26/02/2009 - 15:49

SÃO PAULO (motorização?) – De imediato, quando o blogueiro Zé Maria mandou as fotos, achei que eram do pátio da Mercedes em Juiz de Fora. Uma reestilização do Classe A, por que não? Mas é uma criação do Antonio dos Carros, de Natal (como eu não vi isso?), que faz modelos muito interessantes para vender cachorro-quente. Notem: carroceria de alumínio (como o A2 da Audi), monovolume (uma minivan, como a Meriva, ou o Picasso), grande área envidraçada, rodas de aro 17… E pelas fotos do interior eu vi que não tem pedal de embreagem, também.
Antonio dos Carros não foi encontrado para dar uma entrevista, porque, ao que parece, encontra-se na Inglaterra. Foi chamado por Ross Brawn.
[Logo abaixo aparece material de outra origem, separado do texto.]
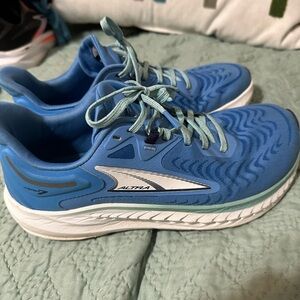 Altra Sky Blue Athletic Shoes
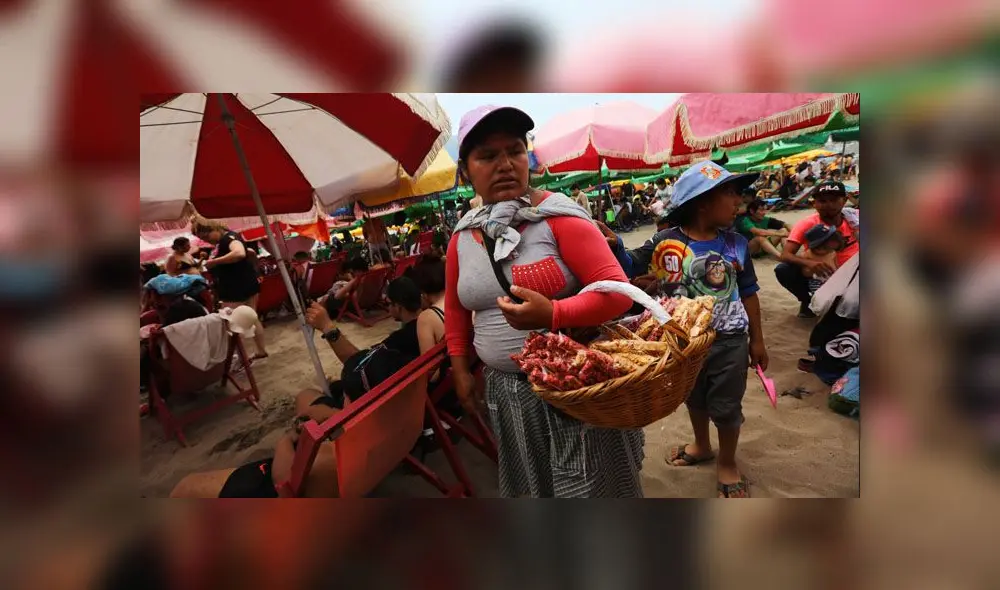 Agua Dulce se vio repleta de personas, quienes llegaron con sombrillas y muchas ganas de pasar el primer día del año. (Foto: Jorge Cerdán / La República)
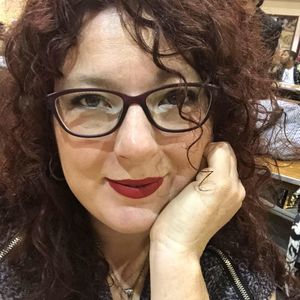 Meet your Posher, Carrie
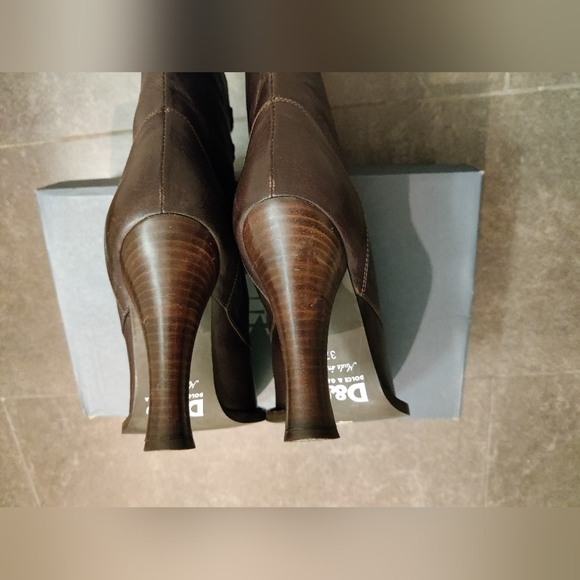 Size 37 D&G dark brown boots - Picture 6 of 7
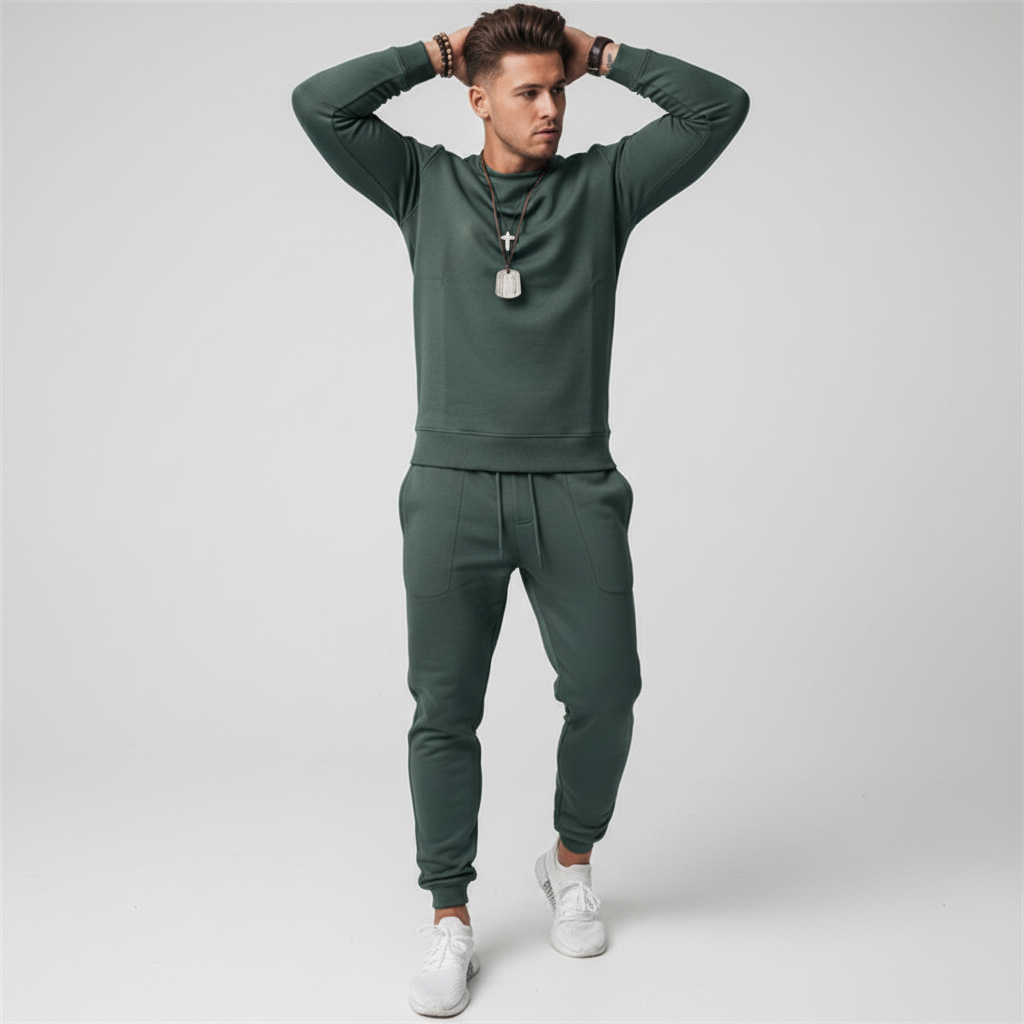 Heren Trainingspak Set Kirk in modern design voor optimaal comfort en prestatie. Ideaal voor sport en vrije tijd.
Autor: Flavio Gomes - Categoria(s): Brasil, Carros
Tags: Mercedes, Natal
08/01/2009 - 20:47
NATAL (e vamos para o ar) – Infelizmente, não visitei a fábrica dos buggys Selvagem hoje. Felizmente, fez um sol danado e aproveitei muito bem o último dia por estas bandas. Motivo nobre para o cano, pois: as praias do Rio Grande do Norte.
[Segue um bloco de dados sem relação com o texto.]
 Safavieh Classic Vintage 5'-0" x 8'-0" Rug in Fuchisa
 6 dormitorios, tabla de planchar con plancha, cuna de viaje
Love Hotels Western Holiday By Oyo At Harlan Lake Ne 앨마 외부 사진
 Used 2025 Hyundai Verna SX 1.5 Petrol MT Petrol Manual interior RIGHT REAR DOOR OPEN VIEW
Mas quero deixar de público aqui o agradecimento pelo convite feito pelo Marquinhos Melo, RP da Selvagem, prometendo que na próxima (e haverá muitas próximas, Natal é linda demais) vou à fábrica sem falta.
Aliás, a gente deveria falar mais de buggys aqui. Sei que não é um veículo inventado no Brasil, mas é óbvio que foi aqui que ele se “naturalizou”. Fortaleza e Natal, salvo engano, são as capitais mundiais dos buggys, e sobre eles tive uma verdadeira aula com o Péricles, nosso bugueiro, conhecido por aqui como Juízo — é que quando ele era mais jovem, tomou um tombo de moto e os amigos dizem que precisaram abrir a cabeça dele; quando fecharam, colocaram dentro um juízo de cobra…
Juízo é um grande contador de casos, e o primeiro que contou foi sobre Ayrton Senna. Diz que depois de conquistar o título de 1988, Senna veio passar uns dias em Natal e foi passear de buggy, claro. No meio de uma duna qualquer, pediu ao bugueiro para dar umas aceleradas. O que você faria se fosse o bugueiro? Bom, o cara é o Senna… Vai lá, “açuléra”! Ayrton andou cinco metros e atolou na areia. Deu risada, passou o volante de volta ao bugueiro e disse: “Cada macaco no seu galho!”. Anos depois, diz o Juízo, Senna apareceu na TV dirigindo um buggy numa de suas fazendas, ou na casa de Angra. Gostou do negócio.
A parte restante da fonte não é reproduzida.